High-cost AI compute chips, like GPUs, require system architectures and training parameters to maximize computational power. As model parameters and data grow exponentially, the demand for computing power increases rapidly, placing higher demands on underlying I/O devices like SSDs.
Using DLIO Benchmark deep learning I/O performance testing tool, a single PBlaze7 7940 PCIe 5.0 SSD saves nearly 1,000 seconds over 5 epochs when loading 3TB of training data in the Unet3D model training test.
Compared to PCIe 4.0 SSDs, the PBlaze7 7940 saved 42.6% of elapsed time in the test, which helps training tasks complete faster.
Typical AI model training tasks go through dozens or even hundreds of epochs, and a lot of time is saved for more training tasks, bringing higher benefits and returns.
In a test environment configured with 8 GPUs, a single PBlaze7 7940 SSD can still maintain these GPUs at over 90% utilization.
A single PBlaze7 7940 SSD delivers more than 10GB/s of I/O processing speed to the GPU in the Unet3D training task.
During the training data loading session, the PBlaze7 7940 SSD reads data at nearly full speed, dramatically reducing the performance impact of SSD read operations.

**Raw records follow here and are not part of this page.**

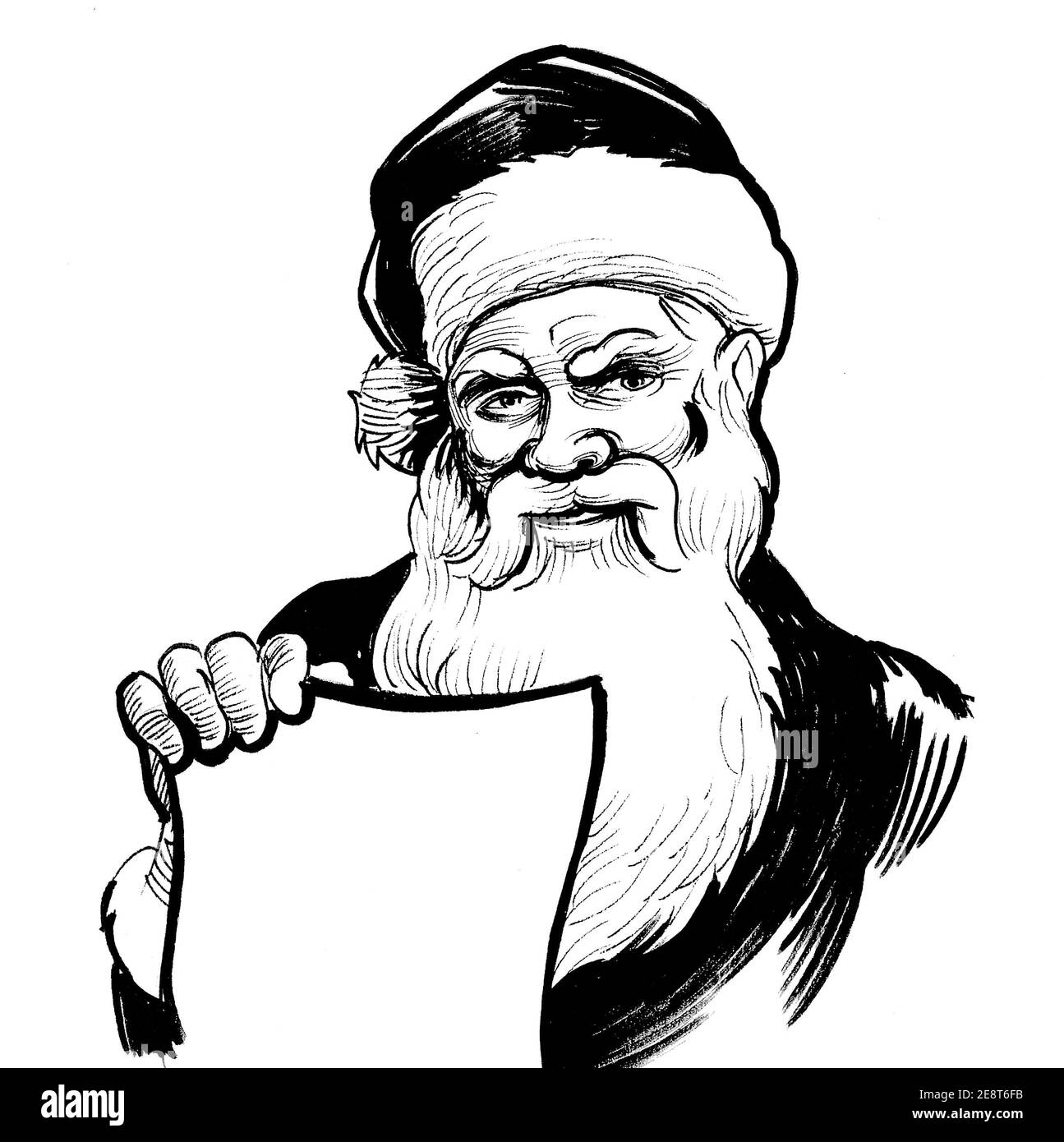 Clause Santa contenant une feuille de papier vierge. Dessin noir et blanc Banque D'Images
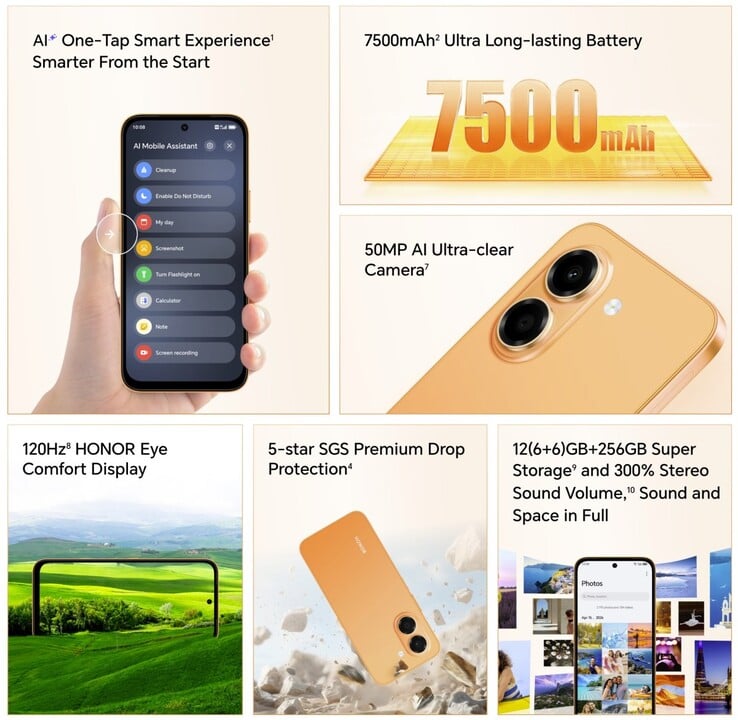 Honor X7e 的主要功能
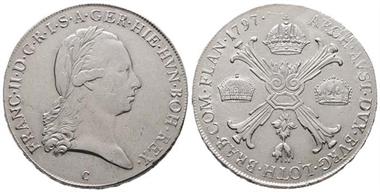 Franz II., 1792-1806, Kronentaler, 1797, C. Prag, Her. 476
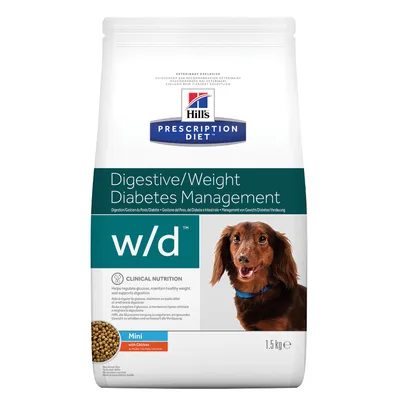Hill's Prescription Diet Digestive/Weight Diabetes Management w/d Mini with Chicken, 1.5 кг; изображение на куче и гранулирана храна на опаковката.
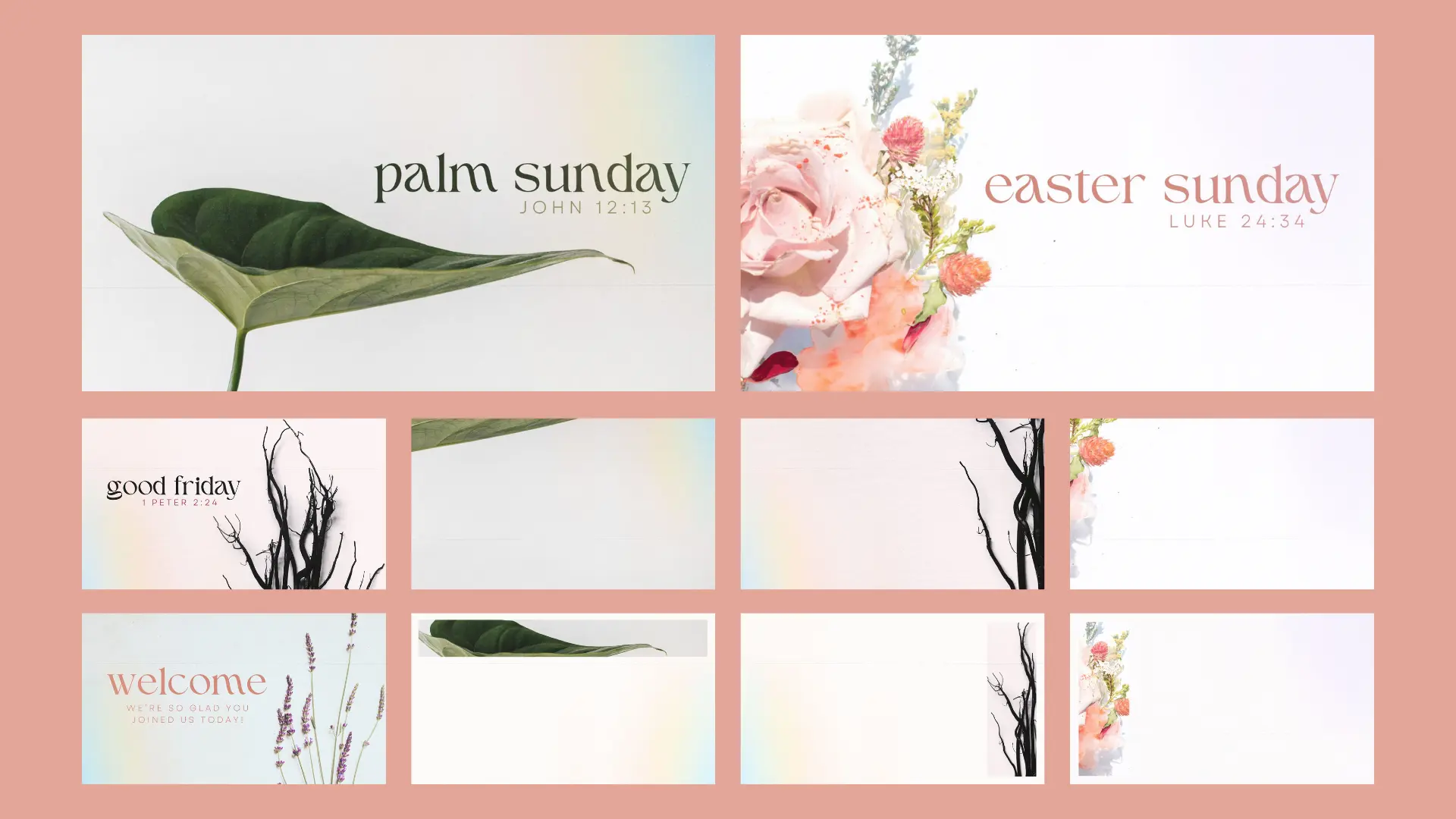 This Serene And Elegant Church Canva Slide Pack Captures The Spirit Of Holy Week With A Focus On Palm Sunday, Easter Sunday, And Good Friday, Complemented By A Warm Welcome For Attendees.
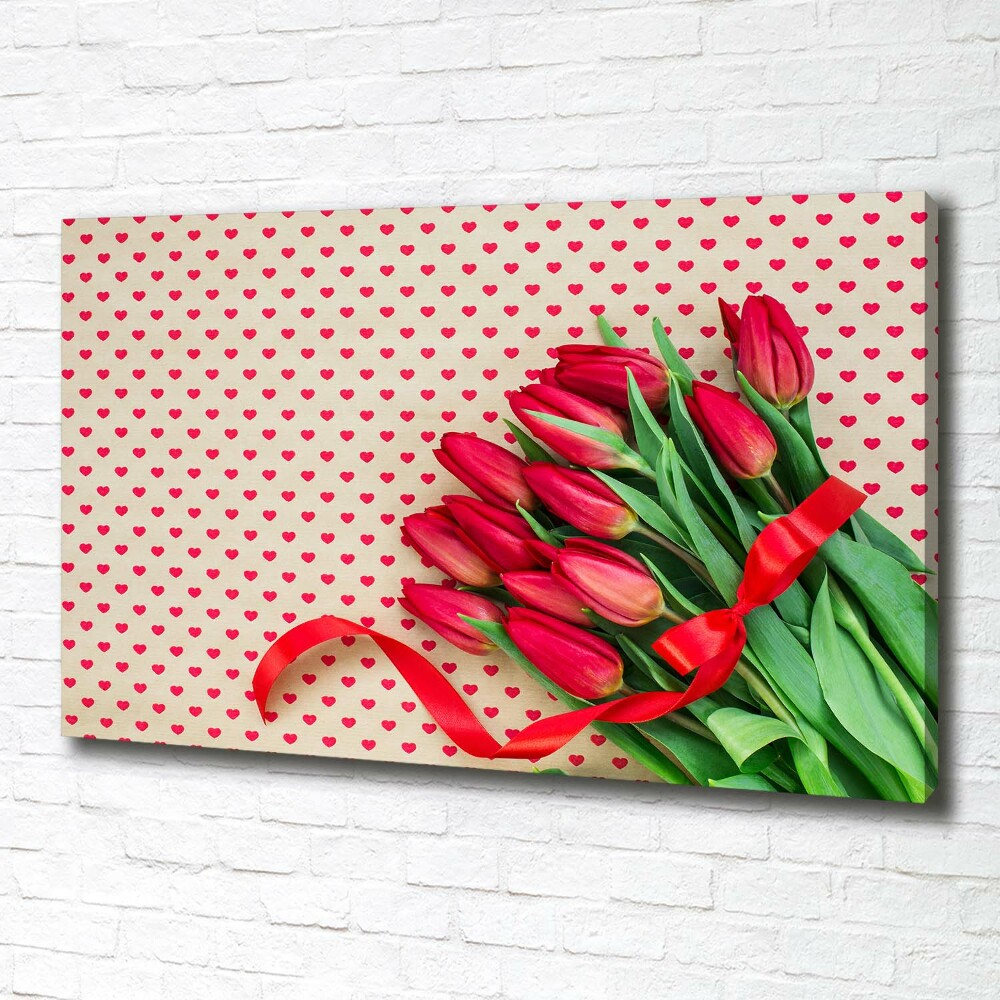 Foto obraz na płótnie Tulipany serduszka
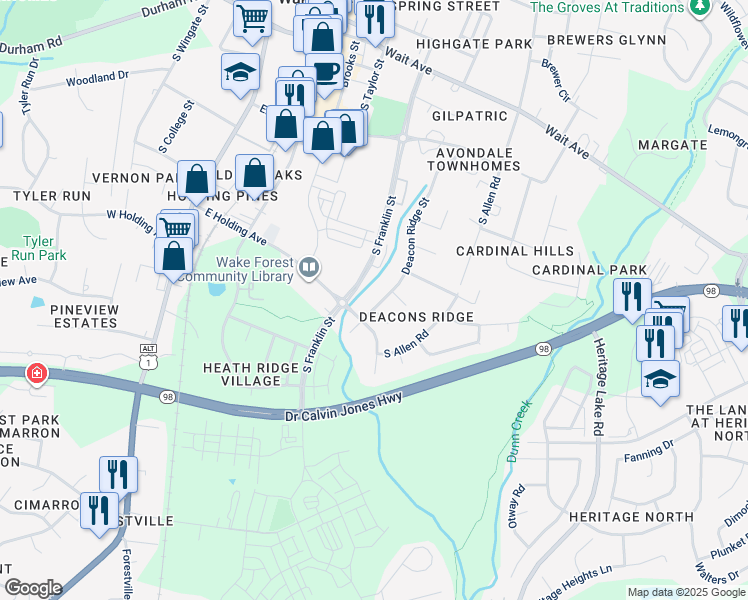 map of restaurants, bars, coffee shops, grocery stores, and more near 628 Deacon Ridge Street in Wake Forest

In training tasks with large datasets that can't all be kept in memory, increasing NVMe SSD performance effectively reduces the time memory spends waiting for data.
Delivers 14GB/s sequential read performance and 2800K IOPS 4K random read performance, both twice that of PCIe 4.0 SSDs.
Up to 30.72TB with 2.5-inch form factor, and 15.36TB with E1.S form factor, doubling the level of capacity while maintaining 2X performance.
Significantly reduces the number of servers and switches required for the same level of storage, allowing a greater number of accelerators to be configured, laying the groundwork for a sustained increase in the level of computing power.